Search code examples
pysparkapache-spark-sqlmultiple-columnsrename

Pyspark automatically rename repeated columns


I want to automatically rename repeated columns of a df. For example:

df 
Out[4]: DataFrame[norep1: string, num1: string, num1: bigint, norep2: bigint, num1: bigint, norep3: bigint]

Apply some function to end with a df like:

f_rename_repcol(df) 
Out[4]: DataFrame[norep1: string, num1_1: string, num1_2: bigint, norep2: bigint, num1_3: bigint, norep3: bigint]

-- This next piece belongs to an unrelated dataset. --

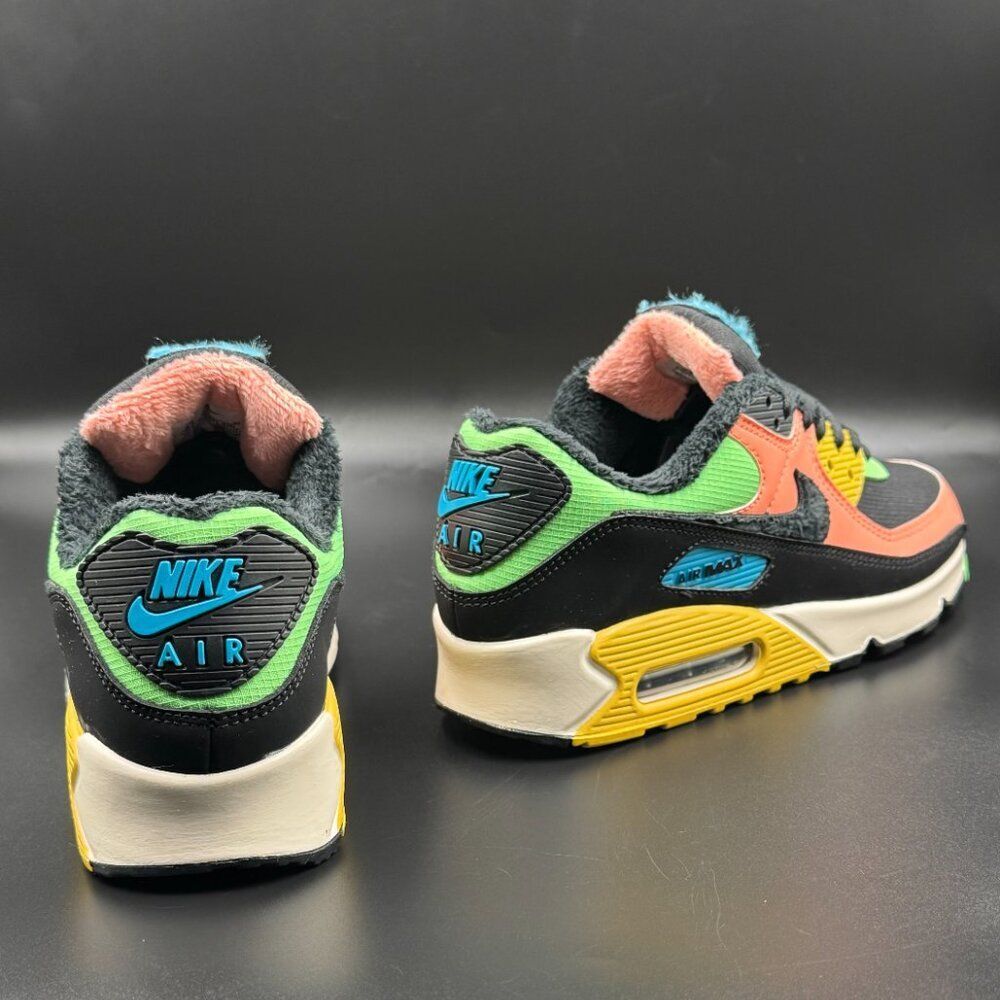 Wmns Nike Air Max 90 Atomic Pink Solar Flare - Picture 10 of 10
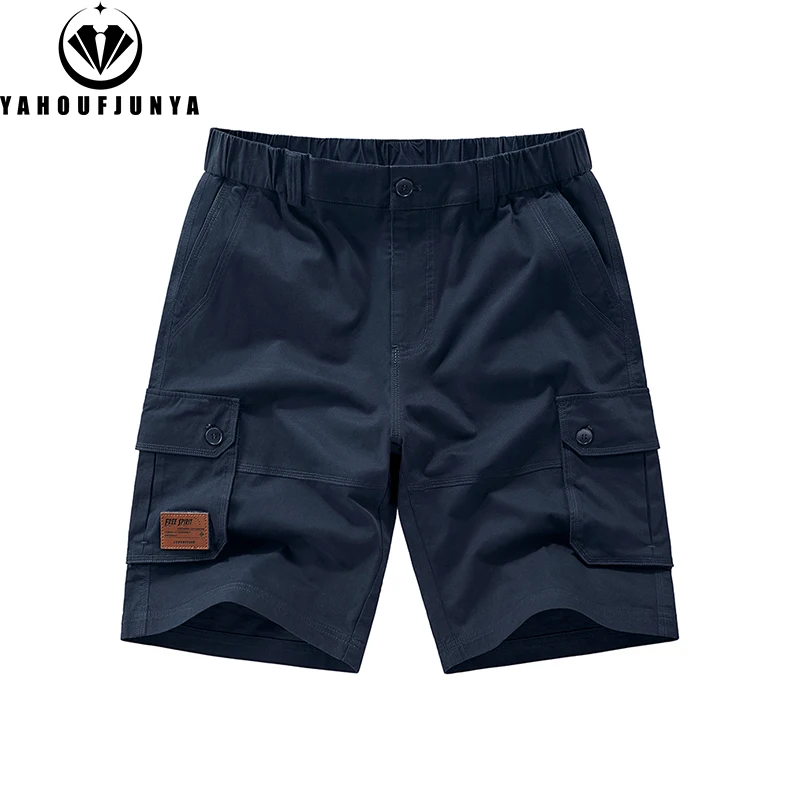 2026 Summer Men Shorts Loose Multi Pocket Cotton Overalls Shorts men Outdoor Cargo Casual Button Fashion Shorts Male Pants Hots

I've already create my own function, and works, but I'm sure there is a shorter and better way of doing it:

def f_df_col_renombra_rep(df):
    from collections import Counter
    from itertools import chain
    import pandas as pd

    columnas_original = np.array(df.columns)
    d1 = Counter(df.columns)
    i_corrige = [a>1 for a in dict(d1.items()).values()]
    var_corrige = np.array(dict(d1.items()).keys())[i_corrige]
    var_corrige_2 = [a for a in columnas_original if a in var_corrige]
    columnas_nuevas = []
    for var in var_corrige:
        aux_corr = [a for a in var_corrige_2 if a in var]
        i=0
        columnas_nuevas_aux=[]
        for valor in aux_corr:
            i+=1
            nombre_nuevo = valor +"_"+ str(i)
            columnas_nuevas_aux.append(nombre_nuevo)
        columnas_nuevas.append(columnas_nuevas_aux)
    columnas_nuevas=list(chain.from_iterable(columnas_nuevas))
    indice_cambio = pd.Series(columnas_original).isin(var_corrige)
    i = 0
    j = 0
    colsalida = [None]*len(df.columns)
    for col in df.columns:
        if indice_cambio[i] == True:
            colsalida[i] = columnas_nuevas[j]
            j += 1
        else:
            colsalida[i] = col
            # no cambio el nombre
        i += 1

    df_out = df.toDF(*(colsalida))

    return  df_out

Solution

  • You can modify the renaming function here to suit your need, but broadly I find this as the best way to rename all the duplicates columns

    old_col=df.schema.names
    running_list=[]
    new_col=[]
    i=0
    for column in old_col:
        if(column in running_list):
            new_col.append(column+"_"+str(i))
            i=i+1
        else:
            new_col.append(column)
            running_list.append(column)
    print(new_col)
    

    This the conversion I do, the suffix assigned to the duplicate columns is not that of difference until the name(prefix) remains the same & I can save the file.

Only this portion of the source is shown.